# What you will do
From the first line below to the last, reproduce the material exactly and leave out the images.

# The input
•••
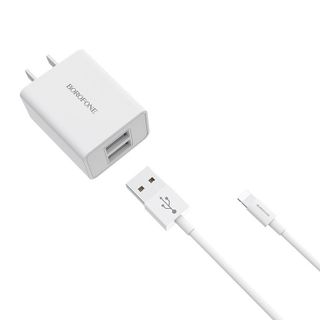 BOROFONE - Bộ Cóc Cáp Sạc BA16 - Cổng Lightning 21A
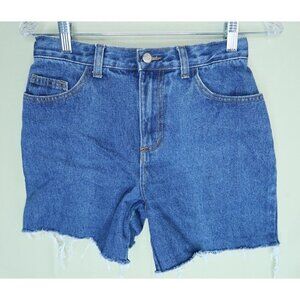 Vintage Watch LA Denim Hipster Bermuda Length Raw Hem Womens Junior Size 9-10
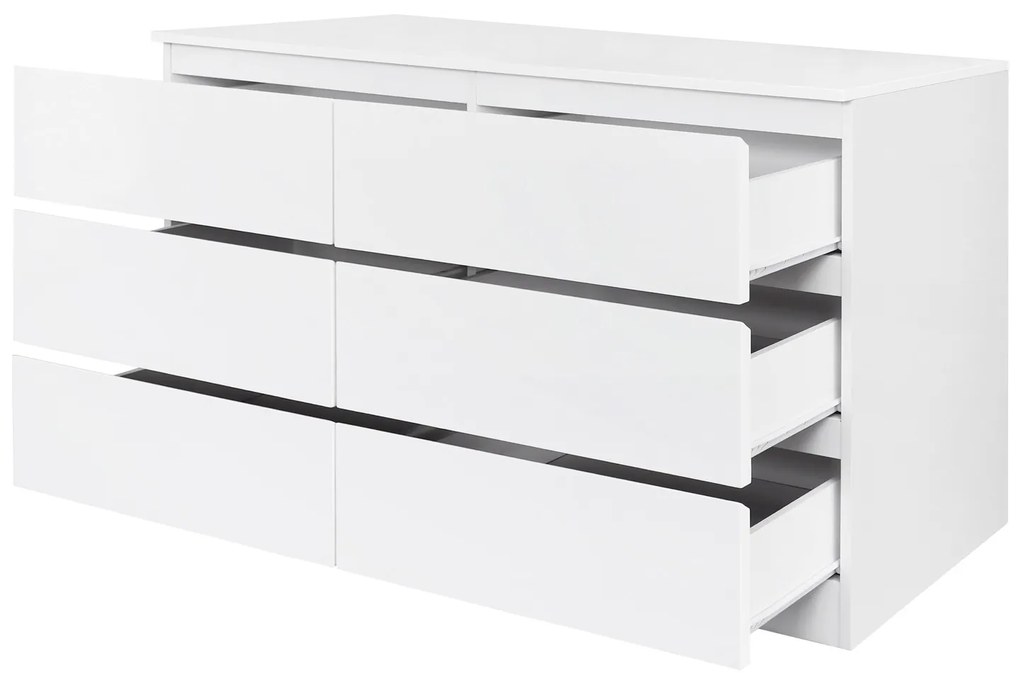 Servanta din MDF 120x39,5x73 cm alba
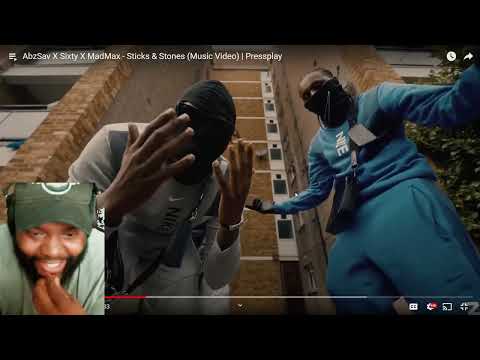 CHICAGO DUDES REACTION TO AbzSav X Sixty X MadMax - Sticks & Stones (Music Video) | Pressplay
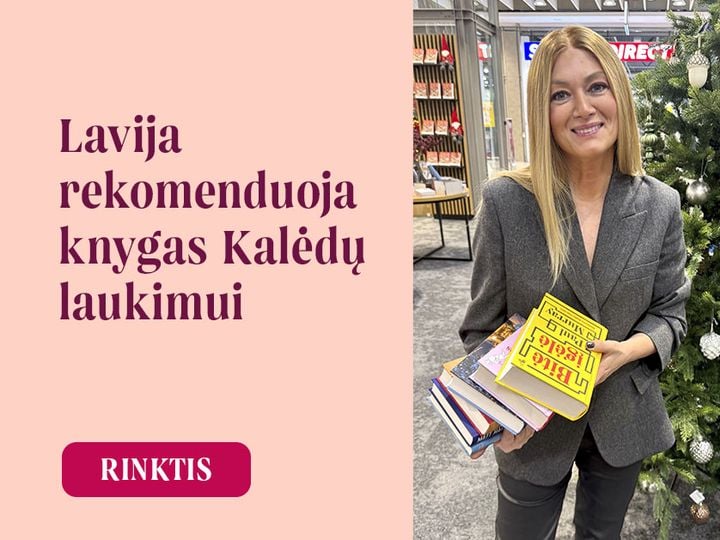 Lavija rekomenduoja knygas jaukiam švenčių laukimui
•••
# Completed task
 BOROFONE - Bộ Cóc Cáp Sạc BA16 - Cổng Lightning 21A
 Vintage Watch LA Denim Hipster Bermuda Length Raw Hem Womens Junior Size 9-10
 Servanta din MDF 120x39,5x73 cm alba
 CHICAGO DUDES REACTION TO AbzSav X Sixty X MadMax - Sticks & Stones (Music Video) | Pressplay
 Lavija rekomenduoja knygas jaukiam švenčių laukimui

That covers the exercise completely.